Permission rollout — stacked PR series. Review/merge order:

  1. #3206 — enforce Permission-based authorization in existing instructions
  2. #3942 — define topology/resource/index permission flags (3/4) — stacked on [New Permission 3/5] smartcontract: enforce Permission-based authorization in existing instructions #3206
  3. #3943 — enforce topology/resource/index permission flags (4/4) — stacked on [New Permission 4/5] smartcontract: define topology/resource/index permission flags #3942

Retarget each PR's base to main as its upstream merges.
👉 You are here: #3943 (PR 4/4).

Summary

  • Replaces the direct foundation_allowlist checks with authorize() in topology (create / delete / clear / assign-node-segments) → TOPOLOGY_ADMIN, resource (create / allocate / deallocate / close) → RESOURCE_ADMIN, and index (create / delete) → INDEX_ADMIN.
  • The Permission account is read as the optional trailing account; the variable-length clear and assign-node-segments layouts detect it by PDA match before consuming their link/device lists.
  • Backward compatible: with no Permission account the legacy foundation path still applies, so existing callers (controlplane, current SDK) keep working.
  • Switches the corresponding SDK commands to execute_authorized_transaction so the payer's Permission PDA is appended when it exists onchain.

Behavior change: the topology instructions now reject unauthorized callers with NotAllowed (Custom(8)) instead of Unauthorized (Custom(22)), since authorize() is the single rejection path; affected tests updated.

Depends on the 3/4 PR (stacked).

Testing Verification

  • New end-to-end test test_topology_create_with_permission_account_allowed: a non-foundation key holding TOPOLOGY_ADMIN creates a topology via its Permission account — exercises the new authorization path through a real processor.
  • topology / index / resource / permission integration suites pass; topology error-code assertions updated UnauthorizedNotAllowed.

Reference: smartcontract/programs/doublezero-serviceability/PERMISSION.md

@juan-malbeclabs juan-malbeclabs changed the title [New Permission 4/4] smartcontract: enforce topology/resource/index permission flags [New Permission 5/5] smartcontract: enforce topology/resource/index permission flags Jun 27, 2026
@bgm-malbeclabs

Copy link
Copy Markdown
Contributor

Review

This swaps the direct foundation_allowlist.contains(payer) checks for the shared authorize() helper gated on TOPOLOGY_ADMIN/RESOURCE_ADMIN/INDEX_ADMIN, and points the SDK commands at execute_authorized_transaction so the payer's Permission PDA is appended when it exists.
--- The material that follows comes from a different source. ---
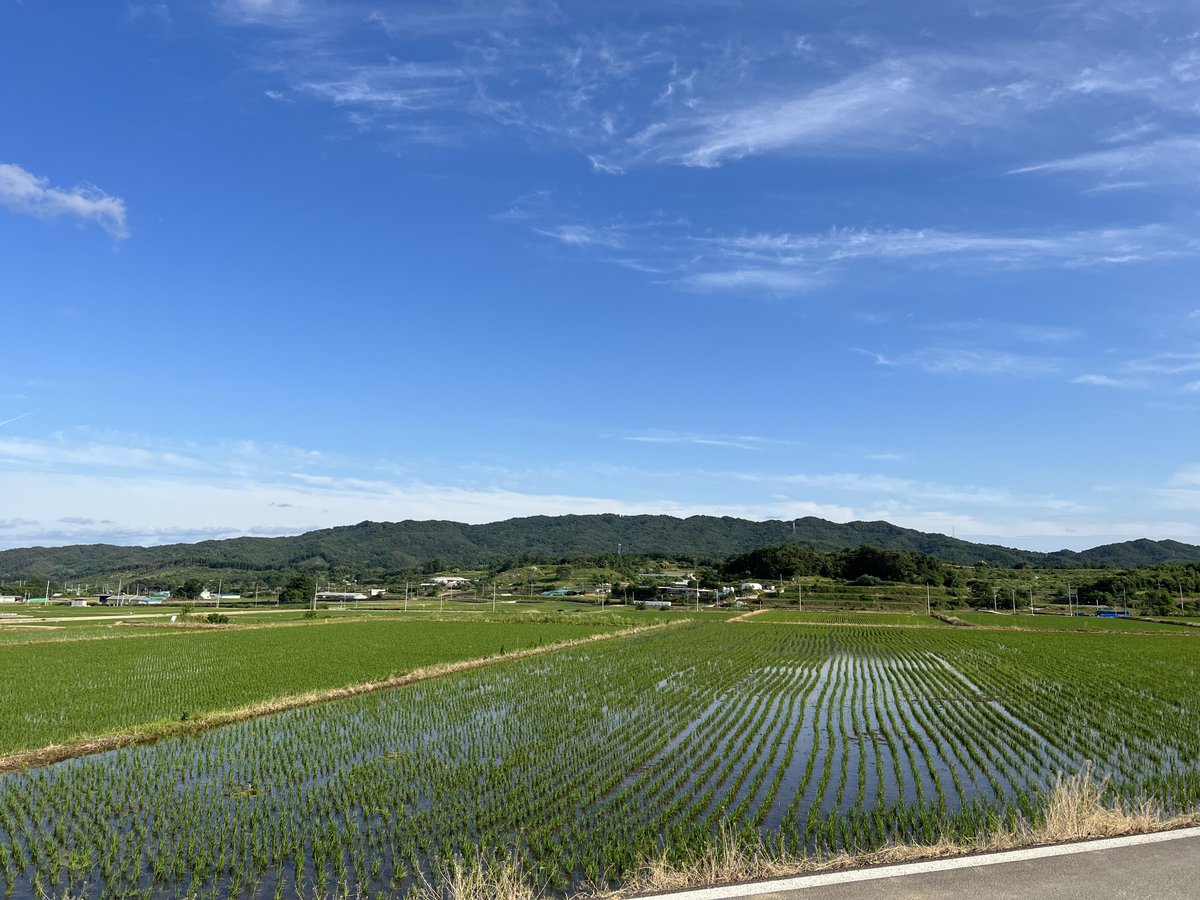 ㅈ (@psymsgmedia) on Twitter photo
Backward-compat (no Permission account → legacy foundation path) looks right.

The fixed-layout processors (topology/create+delete, index/create+delete, all four resource/*) are correct: each consumes system_program in its prologue before calling authorize(accounts_iter, …), so authorize reads the optional trailing Permission account in the right slot. index/delete correctly adds the _system_program consume that was previously missing. The variable-length assign_node_segments rewrite is also correct — it collects all_remaining and parses payer/system/permission from the end, which matches what build_and_send produces.

1. clear reads payer/system_program from fixed front positions, but the SDK appends them after the variable link list

Unlike assign_node_segments (which parses the trailing accounts from the end), clear reads payer at [2] and system_program at [3] in its prologue, then treats everything after as links + the optional trailing Permission. But the production path is SDK clear (fixed = [topology, globalstate, payer] + links)build_and_send appends [payer, system, permission?], yielding on-wire:

[topology, globalstate, payer, link1..linkN, payer, system, permission?]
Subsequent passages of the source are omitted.